SMS-divorces have recently become popular in Tajikistan. The government of the Central Asian state has appealed to the supreme religious body to get rid of such a practice in the hope it will halt the increasing divorce rate in the country.
The Muslim nation’s tradition says that if a husband wants to leave his wife, he just needs to say, three times, the word “Talok”, which would mean an automatic divorce.
In the age of mobile phones the procedure has been streamlined – now a man does not necessarily need to say it in person, a simple text message would be enough.
Tajik men were fast to make use of such a freedom.
The International Organization for Migration reports that in 2010 alone, 800,000 Tajik men left their homes and families, and migrated to Russia to earn money. The majority of them – around 80 per cent were married. Another official number claims that 30 per cent of those married never return to their homes, preferring to settle down in Russia.
In order to avoid persecution by migration services, these men marry Russian women, and abandon their families once and for all.
Meanwhile, Rector of the Tajik Islam Institute, Umarali Nazarov, explains that Muslim tradition regards text-message divorce as one of the most humiliating ways to leave someone.
“Families shouldn’t split, but if there is a necessity for divorce, men should pay a certain respect to their wives and notify of their decision in person,” he told the Asia Plus news agency.
“The majority of the abandoned women don’t have an education and don’t know how to live and how to support their children,” local human rights activist Risolat Khakimova told the Fergana news agency. She added that there is no official information on how many women are abandoned in such a way, because most of them prefer not to tell anyone about it – divorce itself is seen as shameful for a Muslim woman.
The issue could be solved if the Russian and Tajik civil registry offices regularly exchanged information. But here comes yet another problem – most of the marriages in Tajikistan are unofficial and are not registered anywhere.
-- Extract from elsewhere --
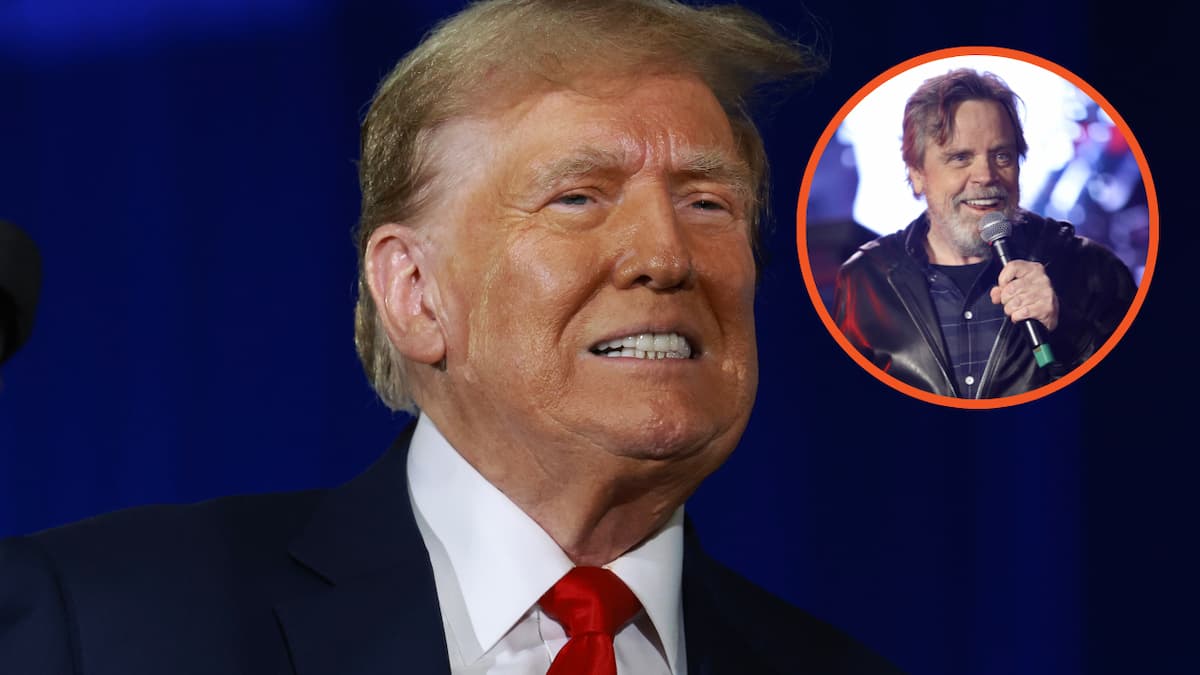 Donald Trump and Mark Hamill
Islamic tradition does not require it, and most of the couples limit themselves to simple religious ceremonies.
All these uncertainties lead to the increased number of divorces and make the status of Tajik women more fragile.
“Family is sacred and can’t be destroyed by a mobile phone,” says Abdurakhim Kholikov, head of the religion committee at the Tajik government.
He has appealed to the Council of Ulems, the supreme religious body in the country. “I hope the council will judge the situation correctly,” Kholikov told the Asia Plus news agency.